Despite selling 17 million iPads during the third quarter this year, Apple's missed analysts' estimates for the second time since 2003.
The company's reported revenue of $35.0 billion and net profit of $8.8 billion, compared with $28.6 billion and $7.3 billion in the same quarter last year. Shares fell around six percent on the news.
The reason for analysts' disappointment is the company's iPhone sales. At 26 million, the figure's 28 percent up on the same period last year, but still a couple of million short of expectations.
Customers, clearly, have been holding off in the expectation of a new model later this year - that is, if they haven't gone out and bought an entirely different phone instead.
Reporting the results, Apple was keener to focus on other products.
"We’re thrilled with record sales of 17 million iPads in the June quarter," said CEO Tim Cook.

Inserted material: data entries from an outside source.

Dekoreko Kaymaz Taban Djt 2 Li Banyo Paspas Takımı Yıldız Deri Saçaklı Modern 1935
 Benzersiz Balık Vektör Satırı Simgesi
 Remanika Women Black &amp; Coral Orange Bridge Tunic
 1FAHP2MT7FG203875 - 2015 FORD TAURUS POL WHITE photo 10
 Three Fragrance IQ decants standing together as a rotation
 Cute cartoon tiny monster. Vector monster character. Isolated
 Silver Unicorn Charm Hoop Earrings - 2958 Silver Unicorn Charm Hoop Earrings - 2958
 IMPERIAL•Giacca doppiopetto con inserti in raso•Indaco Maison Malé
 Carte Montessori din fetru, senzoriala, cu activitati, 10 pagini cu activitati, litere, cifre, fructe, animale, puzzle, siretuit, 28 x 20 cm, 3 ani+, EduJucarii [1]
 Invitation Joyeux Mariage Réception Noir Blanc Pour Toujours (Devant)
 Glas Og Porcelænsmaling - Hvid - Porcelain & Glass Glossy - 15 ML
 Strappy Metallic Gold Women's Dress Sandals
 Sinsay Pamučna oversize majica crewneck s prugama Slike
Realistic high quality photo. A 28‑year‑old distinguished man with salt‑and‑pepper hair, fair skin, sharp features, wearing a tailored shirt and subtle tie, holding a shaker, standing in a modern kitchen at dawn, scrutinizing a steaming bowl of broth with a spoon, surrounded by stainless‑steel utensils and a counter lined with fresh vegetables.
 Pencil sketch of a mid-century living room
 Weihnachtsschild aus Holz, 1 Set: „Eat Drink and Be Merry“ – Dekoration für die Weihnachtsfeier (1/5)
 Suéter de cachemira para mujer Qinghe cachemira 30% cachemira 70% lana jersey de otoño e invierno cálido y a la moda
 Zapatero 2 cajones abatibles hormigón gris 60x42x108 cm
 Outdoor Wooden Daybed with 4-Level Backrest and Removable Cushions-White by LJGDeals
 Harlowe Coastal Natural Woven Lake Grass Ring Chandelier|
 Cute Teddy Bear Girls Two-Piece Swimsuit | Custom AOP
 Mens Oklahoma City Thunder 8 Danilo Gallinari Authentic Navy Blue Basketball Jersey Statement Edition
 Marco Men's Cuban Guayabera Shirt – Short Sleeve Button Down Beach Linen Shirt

"We’ve also just updated the entire MacBook line, will release Mountain Lion tomorrow and will be launching iOS 6 this fall. We are also really looking forward to the amazing new products we’ve got in the pipeline."
But it's the iPhone that Apple depends on, with the device accounting for 46 percent of the company's revenues, and almost certainly a higher percentage of its profits.
According to Cook, part of the drop-off in iPhone sales derives from changes to the channel, with inventory having built up over the previous quarter. And, he pointed out, sales of the iPhone 4S in China were particularly strong in the previous quarter, leading to a drop-off in demand.
But the success of rival products from the likes of Samsung and HTC almost certainly have something to do with the figures: no wonder Apple's so keen to use its patents to try and win import bans where it can.